Given information START

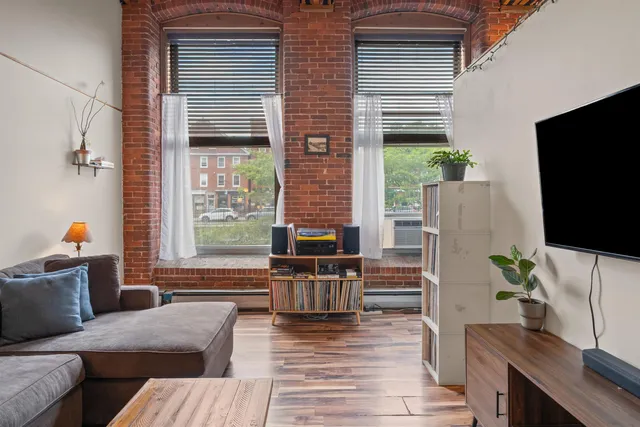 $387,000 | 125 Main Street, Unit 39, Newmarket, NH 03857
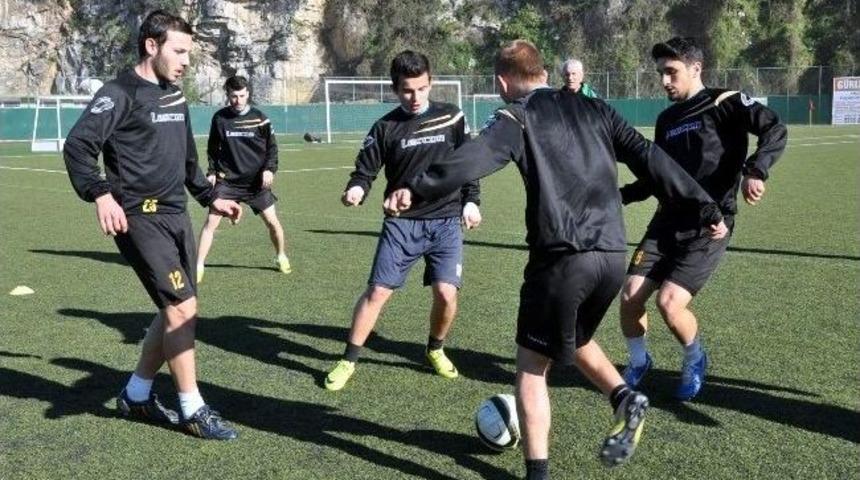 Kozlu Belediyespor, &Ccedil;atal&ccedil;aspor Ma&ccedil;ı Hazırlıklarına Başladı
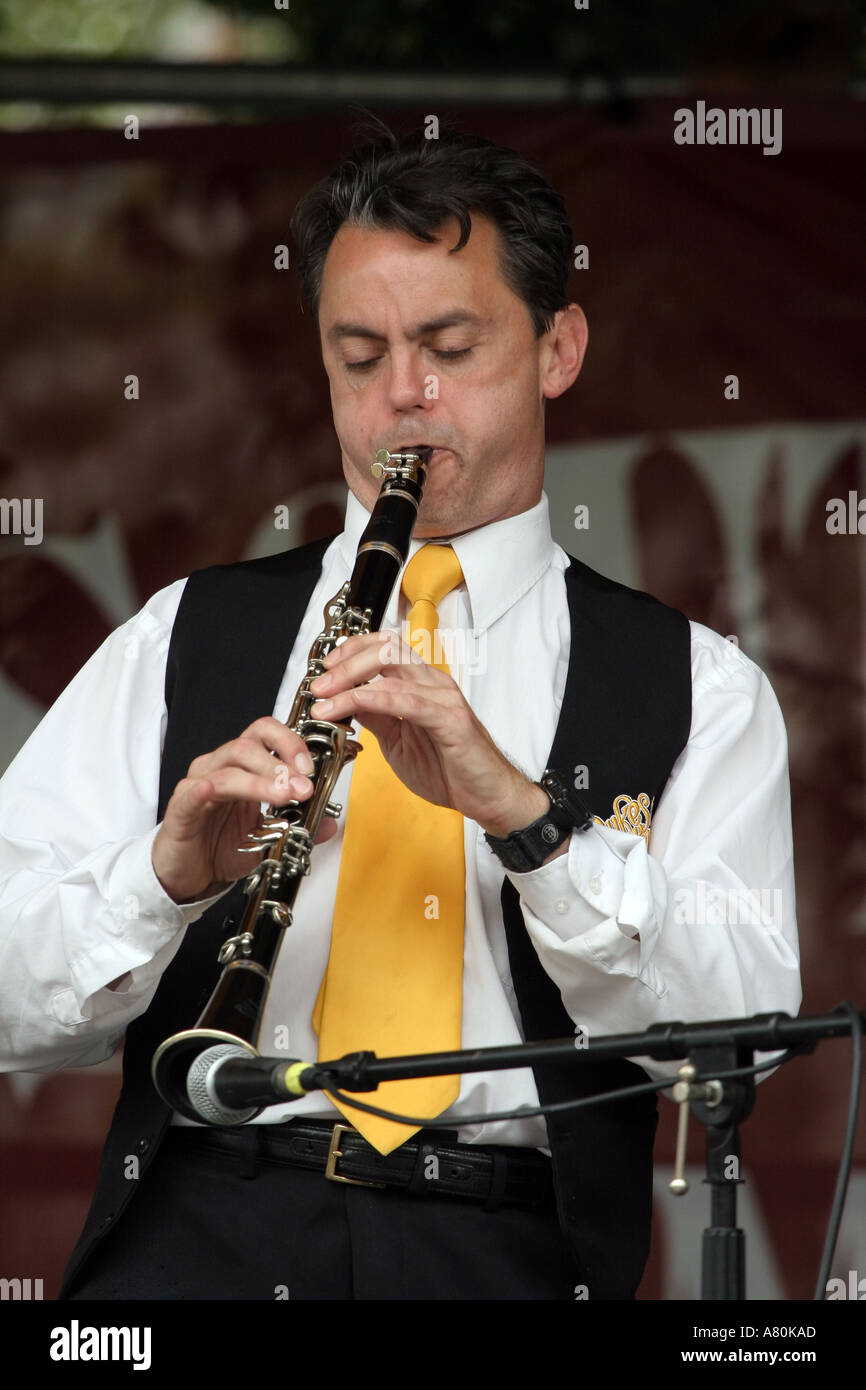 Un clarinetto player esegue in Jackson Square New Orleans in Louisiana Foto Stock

Given information END
Given information START

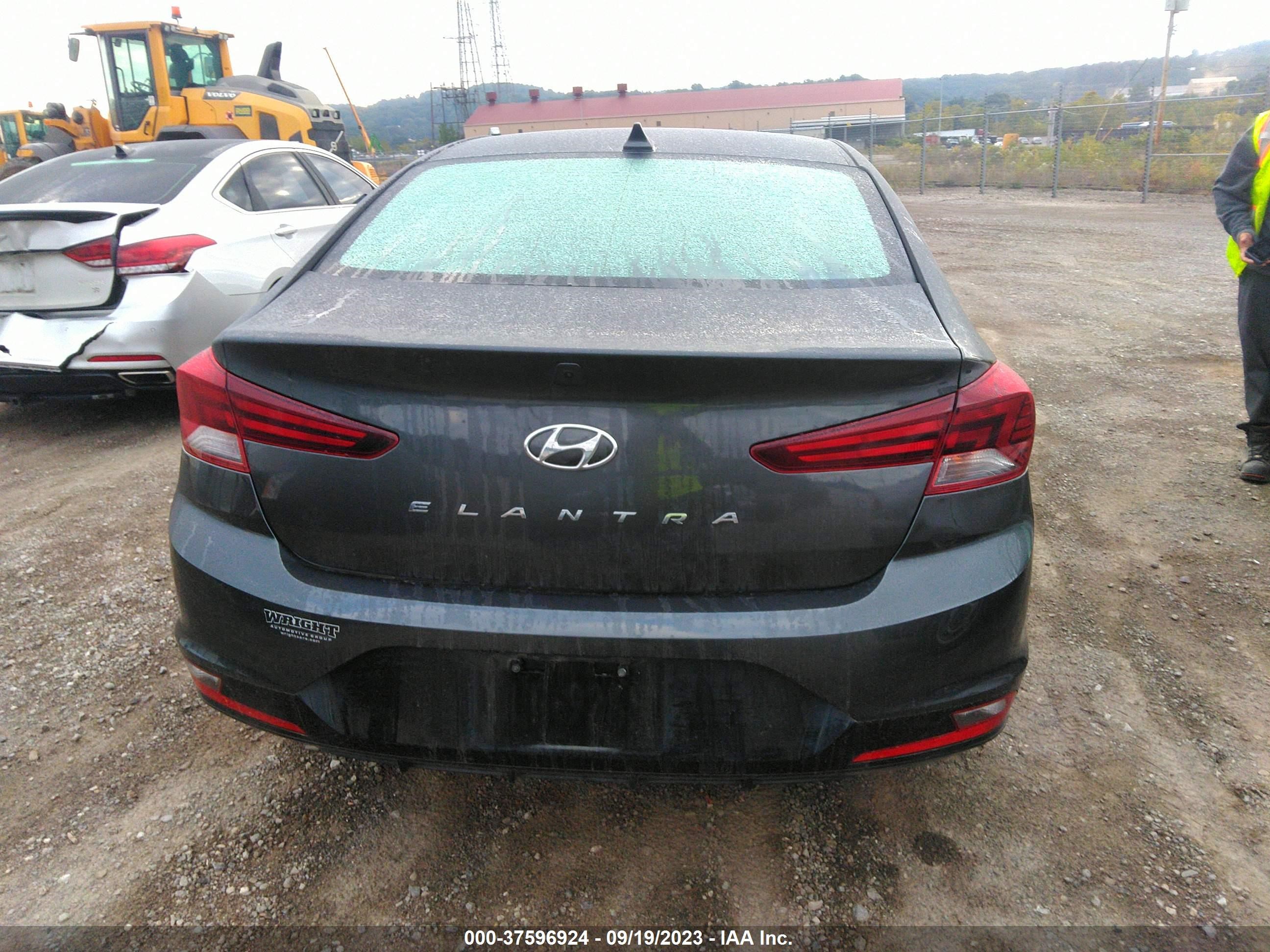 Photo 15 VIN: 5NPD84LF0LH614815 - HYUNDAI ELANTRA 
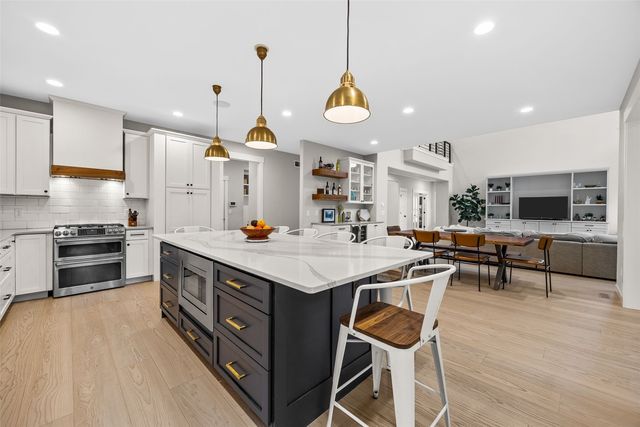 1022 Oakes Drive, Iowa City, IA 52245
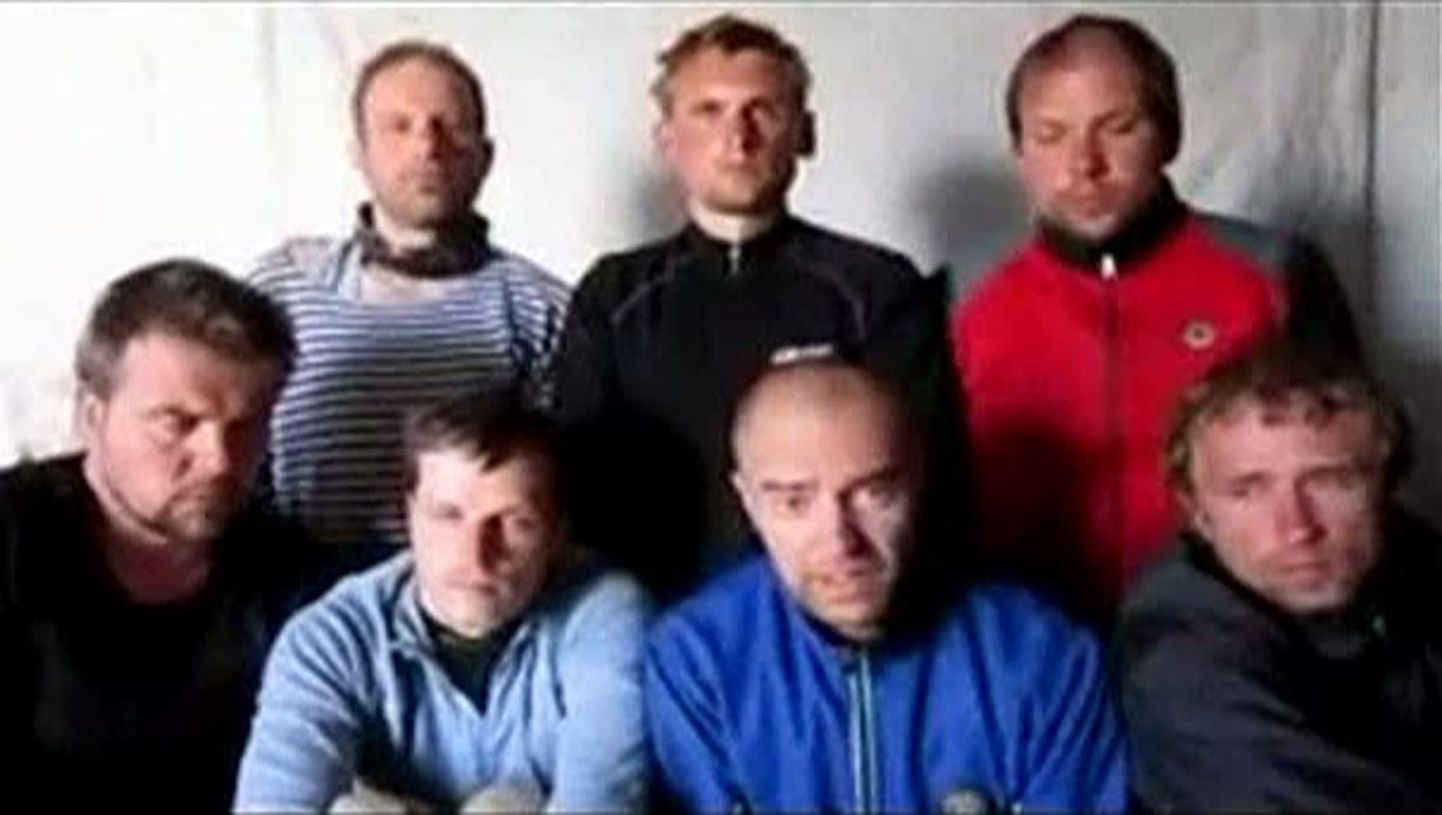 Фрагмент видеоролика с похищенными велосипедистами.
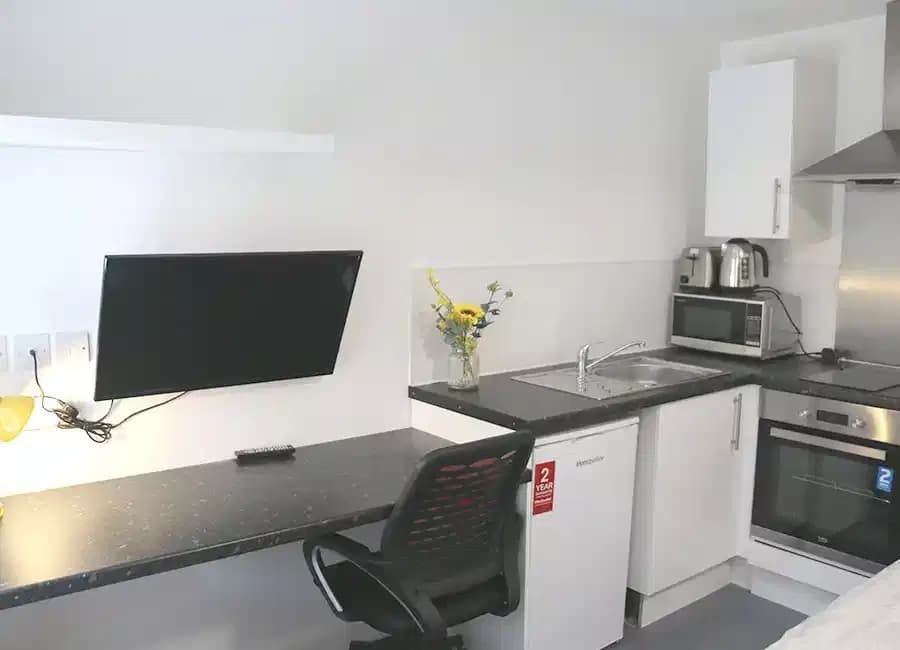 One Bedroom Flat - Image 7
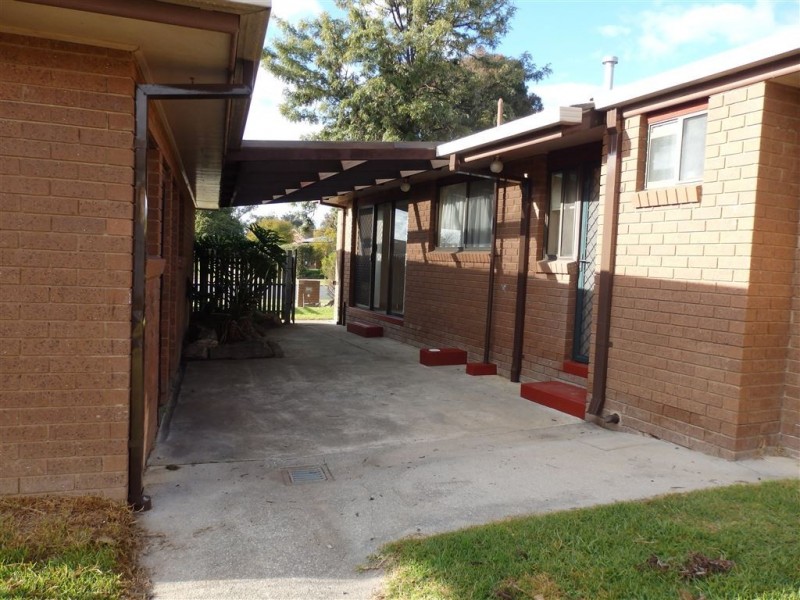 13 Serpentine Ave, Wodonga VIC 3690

Given information END

**Task**
Output exactly, and only, the lines of the entries above from the one with "1022 Oakes Drive, Iowa City, IA 52245" up to and including the one with "13 Serpentine Ave, Wodonga VIC 3690"; pictures are to be left out.

**Output below**
 1022 Oakes Drive, Iowa City, IA 52245
 Фрагмент видеоролика с похищенными велосипедистами.
 One Bedroom Flat - Image 7
 13 Serpentine Ave, Wodonga VIC 3690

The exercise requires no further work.